It’s March in Patagonia, the Nire and Lenga trees are just starting to take on autumn hues. A 70-year-old man and his wife are out birdwatching and get caught in an unexpected rainstorm. They take shelter in an old farm shed. They do not notice the rodent droppings on the floor, or the faint plume of dust that rises when the man leans against a stack of bags of dry grain. Thirteen days later, on April 1, the couple are aboard the MV Hondius when it departs Ushuaia, a port city at the southernmost tip of Argentina. On April 6, the man comes down with a fever, a headache, and mild diarrhoea. By April 11, he is dead.

We do not know exactly how the first patient on the MV Hondius got infected with the Andes Hantavirus, but the scenario I described above is a plausible one, pieced together from the available facts. And we do know that he became ill by April 6 and died aboard the ship on April 11. His 69-year-old wife died on April 26 in Johannesburg, South Africa, just days after she disembarked with her husband’s body on the island of Saint Helena. A German woman died aboard the ship on May 2. A French woman was put on extracorporeal life support at Bichat Hospital in Paris. Sixteen Americans have been evacuated to a special facility in Nebraska, and another two are in a bio-containment unit in Atlanta. Twelve Dutch laboratory workers are in six-week quarantine after handling samples from an infected patient.

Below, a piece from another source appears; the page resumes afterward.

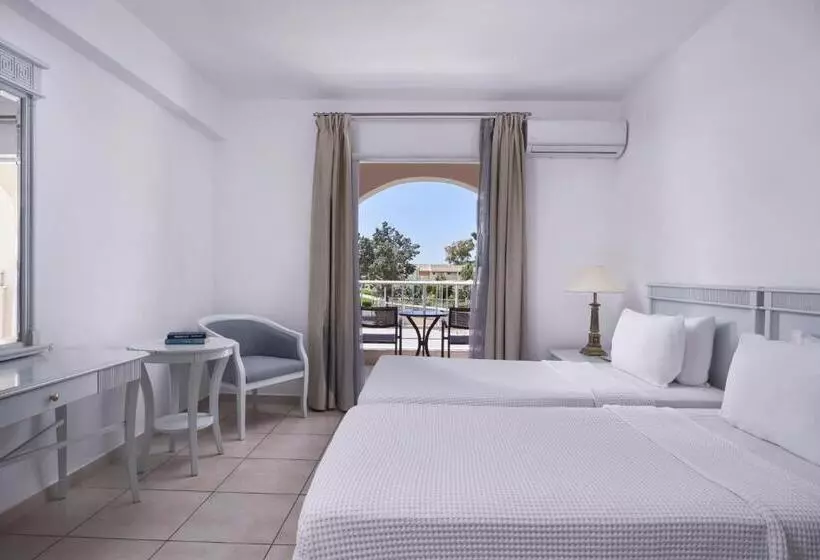 اتاق سوپریور با چشم‌انداز باغ, Sandy Beach Resort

Our collective response to this outbreak says as much about us as it does about the virus. It’s been more than six years since Covid-19 first emerged, and yet a virus that spreads much more poorly has made the world flinch. Cape Verde, the country closest to the Hondius when news of the infections broke, refused to let the ship dock at all, citing limited healthcare system capacity. The President of the Canary Islands, a Spanish territory, had intended to block the ship from anchoring at the island of Tenerife until the central government in Madrid intervened. The Director-General of the World Health Organisation, Tedros Adhanom Ghebreyesus, flew to Tenerife in person and wrote a letter reminding its residents that “the best immunity any of us has is solidarity”.

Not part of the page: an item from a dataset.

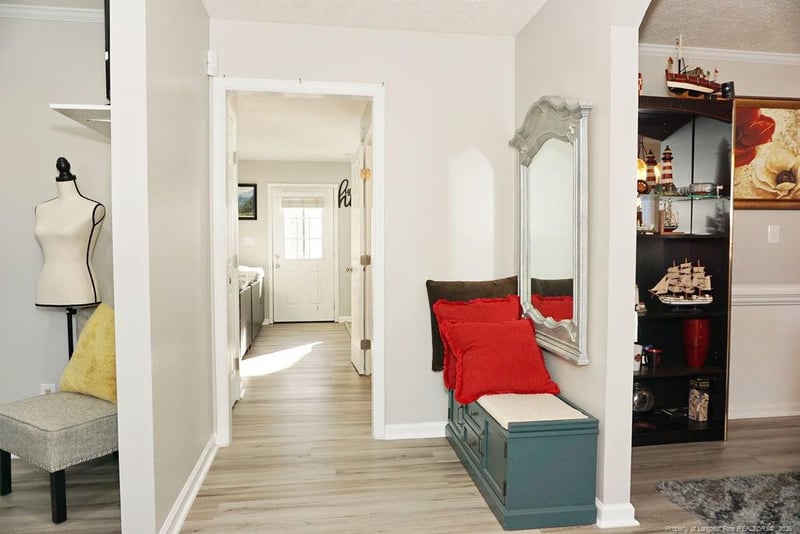 8363 King Rd, Fayetteville, NC 28306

A bus carrying medical officials and members of the flight crew of the plane that transported the passengers caught up in the MV Hondius hantavirus outbreak arrives at the Western Australian city of Perth on Friday. AFP
A bus carrying medical officials and members of the flight crew of the plane that transported the passengers caught up in the MV Hondius hantavirus outbreak arrives at the Western Australian city of Perth on Friday. AFP

On the whole, however, officials and experts around the world have scrambled to respond to this frightening situation and to understand what the risks are. And indeed, knowledge of these risks is critical. The WHO has said hantavirus “spreads differently” from Covid-19 or the flu. And the situation on the Hondius has shown what “differently” means.

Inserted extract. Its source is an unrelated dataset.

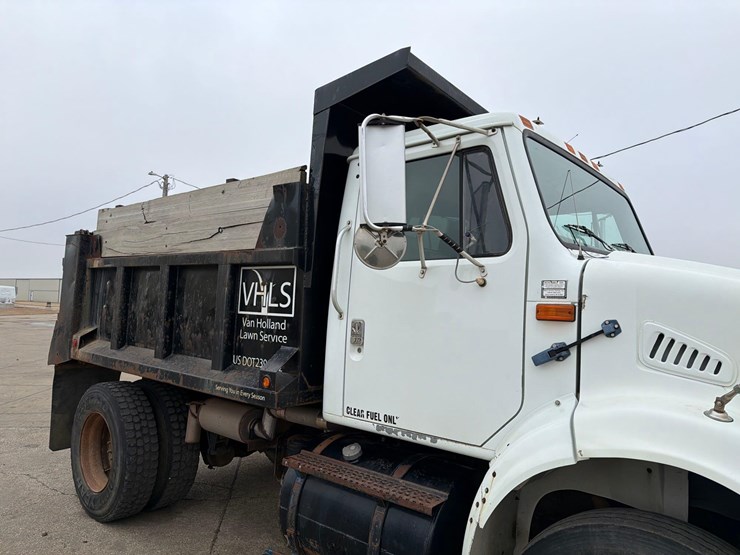 2000-international-8100-image-19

Of the roughly 150 people who inhabited the ship for six weeks, 11 have become ill and three have died. Another 122 evacuees are now in monitored quarantine in eight countries. Compare this to the Covid-19 outbreak aboard the Diamond Princess cruise ship in February 2020: 712 Covid cases among 3,711 passengers and crew in less than half the time. Andes virus is absolutely terrifying, especially for the people it infects and for their loved ones. But will this virus become the next pandemic? Absolutely not.

To understand the situation better, it helps to start with the basics. Hantaviruses establish lifelong infections within specific rodent species. Andes virus has co-evolved with the long-tailed pygmy rice rat, a rodent found in southern Argentina and Chile. The virus causes little to no disease in its natural host; the pygmy rice rat’s immune system tolerates the virus, and the animal stays healthy enough to live and breed while it sheds the virus in urine, droppings and saliva for months on end. Human infections are unlucky accidents that occur on a planet that eight billion of us share with a great many other animal species. The adaptations that let a virus persist harmlessly in a rodent or bat are, in these rare and frightening spillovers, the same ones that make it deadly in people.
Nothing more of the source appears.